12月 2017 archive

糖尿病の恐さ

糖尿病は目、腎ぞう、神経の3大合併症がクローズアップされ失明、人工透析、下肢切断といった深刻なリスクはみなさん御存知と思う。

今回はもっと掘り下げてみると、実は糖尿病はがんを併発しやすいことである。日本糖尿病学会と日本癌学会は糖尿病でない人のリスクを1とすると糖尿病患者は、ガンのリスクが1.2倍高くなると報告している。中でも大腸がんは1.4倍、膵がんは1.85倍、肝がんは1.97倍もリスクがアップするという。

それだけではない。糖尿予備軍でもリスクが高くなることが分かっている。糖尿病の手前の高インスリン血症の人は、そうでない人より2倍もがん死亡率が高いという報告がある。難しい話は今日は省きますが、「インスリン抵抗性」と「AGE」(終末糖化産物)が、がんの発症にかかわっているようです。

検診などで糖尿病予備軍と言われた人は食事療法、運動療法を徹底し、場合によってはαーグルコシダーゼ阻害薬を予防的に使用することで(保険可)悪化を防げます。

がんを防ぐためには糖尿病のコントロールが大事です。

 

今年のブログは今日で終わりです。一年間、お付き合い下さりありがとうございました。

来年のブログは1月4日(木)からとなります。

どうか良いお年を。

(追伸)

競馬ファンならずとも「有馬記念」は年末に興味がある。

今年は何と言っても12月24日に中山競馬場で行われたGP「第62回有馬記念」は北島三郎(サブちゃん)オーナー(81才)が所有するファン投票1位のキタサンブラックが逃げ切り、ラストランをⅤで締めくくった。騎手「武豊」もすばらしかった。

キタサンは、これで引退かと思うと涙が出そうである。数々の(90年のオグリキャプ、06年のディープインパクト)名馬の引退戦に涙するのは私だけであろうか。
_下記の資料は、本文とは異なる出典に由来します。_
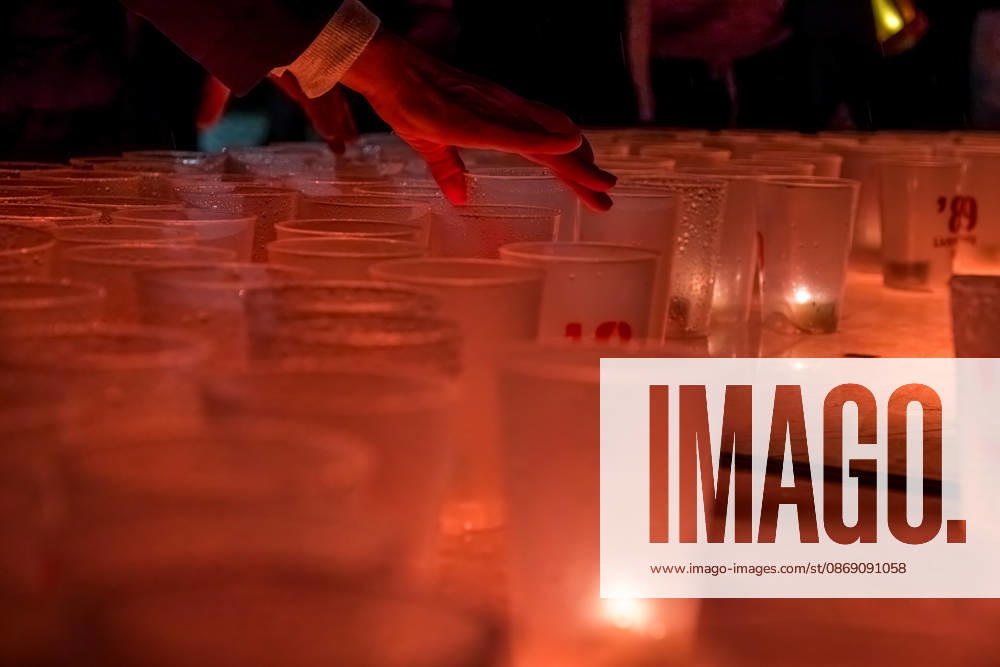 Seit 2009 findet in Leipzig zur Erinnerung an die Montagsdemonstrationen im Jahr 1989 am 9. Oktober das Lichtfest statt. Licht und Kunstinstallationen illuminieren die Stadt, menschen laufen mit Kerzen durch die Stadt. Lichtfest 2026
キタサン、最後に単勝であなたを買った私に忘れられない想い出とXmasプレゼントを届けてくれてありがとう。サブちゃんの引退と重なって今年は忘れられない年となりました。

劣等感

アドラー心理学が100年も前に誕生したのに何故、現代人を引きつけるのか?

それは「自分の人生をリセットして新しい人生をもう1度スタートさせてみよう」いう勇気を与えてくれるからだという。
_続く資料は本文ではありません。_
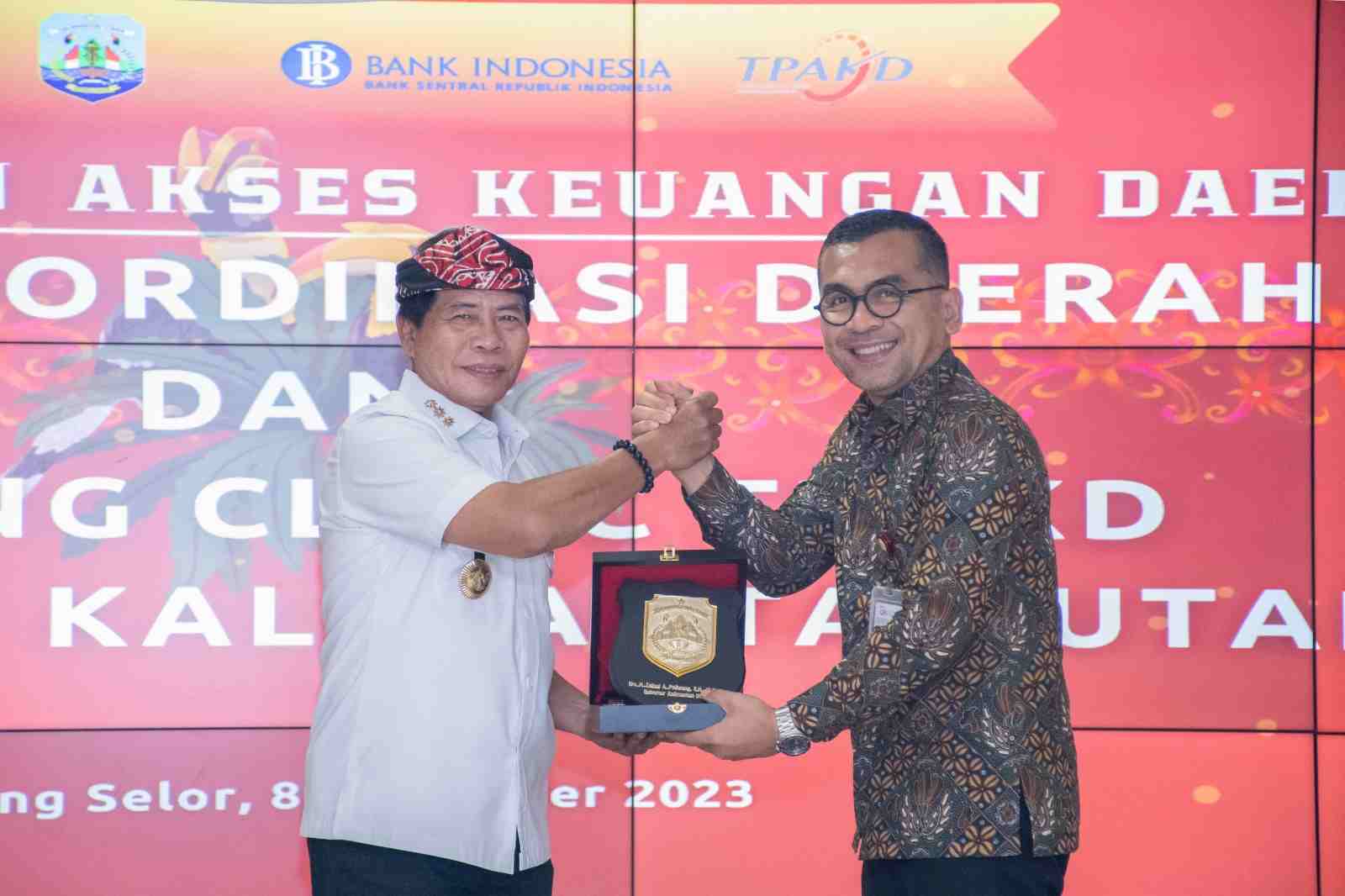 COACHING CLINIC : Gubernur Kaltara, Drs H Zainal A Paliwang SH. M.Hum berikan arahan terkait pembentukan TPAKD, Rabu (8/11).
例えば劣等感。アドラーの言う劣等感とは、理想の自分と比較して現在の「自分が未熟である感覚」のことを言う。他人との比較ではなくて自身の問題なので自分を卑下する必要はなく劣等感があるからこそ成長出来ると説いている。自分自身を受け入れる(自己受容)ことを是非、やってみて下さい。決して他人と比較しないで下さい。

 

(追伸)

今日はクリスマス。

ゆうちゃん家でも多くの友人が訪れています。楽しそうです。

1人、長老の方(後ろ姿)は誰でしょう?仕切ってる?

(写真4枚)

 

オメガ3脂肪酸

昨今のオイルブームの火付け役はオメガ3脂肪酸でした。魚油に含まれている「脳の栄養素」と呼ばれているEPAやDHAが有名です。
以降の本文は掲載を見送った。